■ Given information:
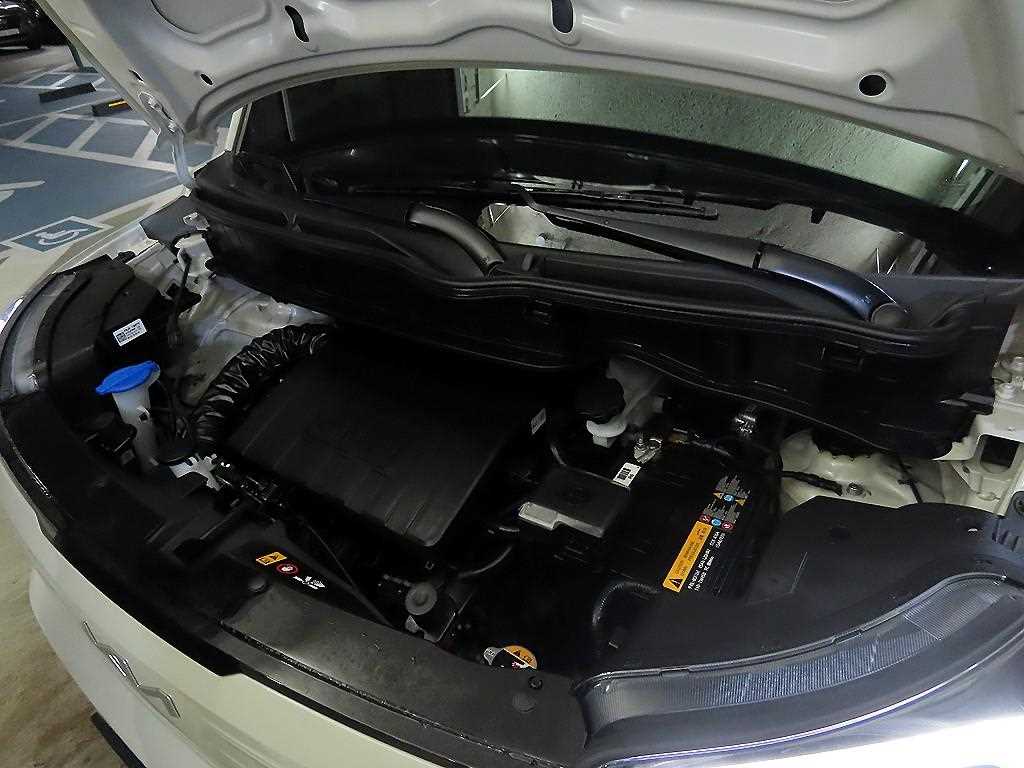 KIA Ray 2025 the color of pearl - Importación desde Corea - HF Imports Iquique - Foto 19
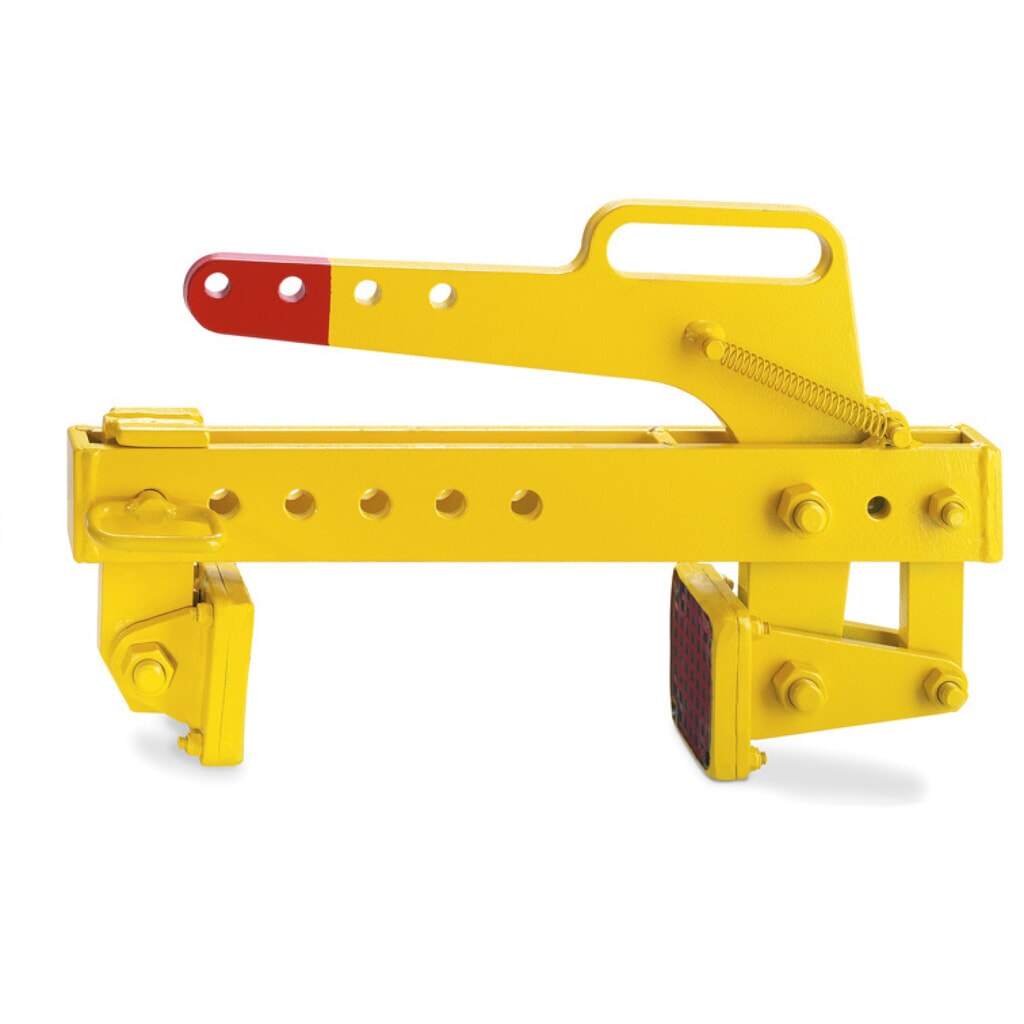 Yale® Blockgreifer TVB, Tragkraft 250 - 500 kg Produktabbildung: Yale® Blockgreifer TVB, Tragkraft 250 - 500 kg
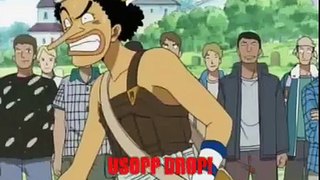 One Piece - Usop DROP
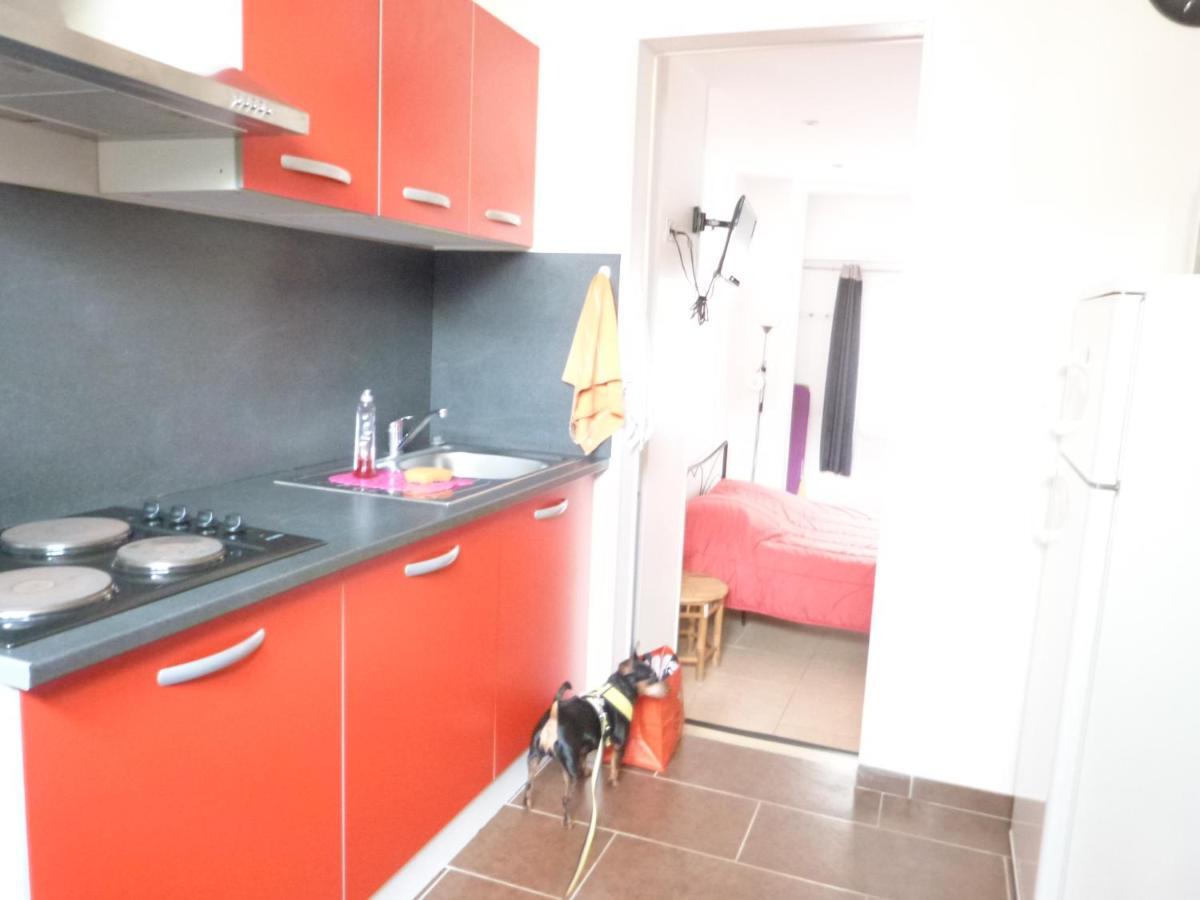 Residence Hoteliere Le Gambetta Le Havre Værelse billede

■ Task brief: Word for word, retype the material above without its pictures.

■ Answer box:
 KIA Ray 2025 the color of pearl - Importación desde Corea - HF Imports Iquique - Foto 19
 Yale® Blockgreifer TVB, Tragkraft 250 - 500 kg Produktabbildung: Yale® Blockgreifer TVB, Tragkraft 250 - 500 kg
 One Piece - Usop DROP
 Residence Hoteliere Le Gambetta Le Havre Værelse billede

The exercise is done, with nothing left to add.